Within the user-defined function for Agents that execute flows, the get_param_mapping function is run whenever a file is added or modified in the directory that the Agent is watching, and the execute function is run whenever all files are observed. The get_param_mapping function is used to specify the parameters that will be passed to the flow, and the execute function is used to specify the input files and parameters to the flow that is executed.

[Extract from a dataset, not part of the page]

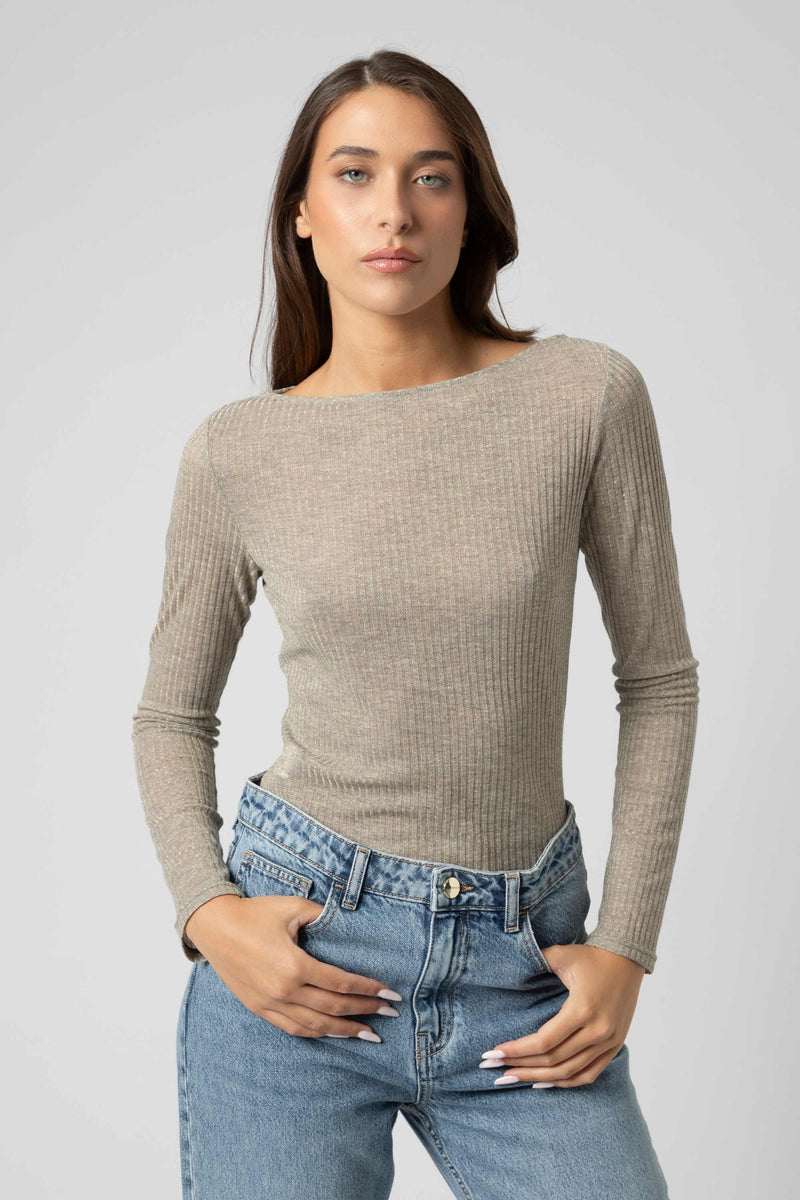 Haut côtelé au design minimal - T-shirt RICKYX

A skeleton for the user-defined function with associated types is shown below:

def fp(watch_dir: str, parent_dir: str, pattern: str) -> Callable[[str], bool]:
pass

def get_param_mapping(
watch_dir: str,
parent_dir: str = "",
file_name: str = "",
modified_time: str = "",
body: bytes = bytes(),
) -> Dict[str, Callable[[str], bool]]:
# returns a dictionary of fp objects indexed by `node name`.`param name`
pass

def execute(flow_params_fw: FileWatcherResult) -> TriggerFlowParams:
# returns a TriggerFlowParams object
pass

Classes associated with Agent-triggered flows

The FileWatcherResult consists of a dictionary of FileParam objects indexed by node name.param name.

  • param files: dict[str, fileParam] - Dictionary of FileParam objects indexed by node name.param name
  • param tags: Optional[List[FileTag]] - List of tags to be applied to all files

TriggerFlowParams is used to specify the inputs to the flow that is executed when all files are observed. It contains the following parameters:

  • param single_file_params: Optional[Dict[str, FileParam]] - Dict of FileParam objects indexed by node name.param name. These parameters are used for nodes that accept a single file as input.
  • param multi_file_params: Optional[Dict[str, MultiFileParam]] - Dict of MultiFileParam objects indexed by node name.param name. These parameters are used for nodes that accept multiple files as input.
  • param benchling_tag: Optional[Tag] - Additional parameters to be passed to flow. This parameter is used for inputs to the Input_Benchling node.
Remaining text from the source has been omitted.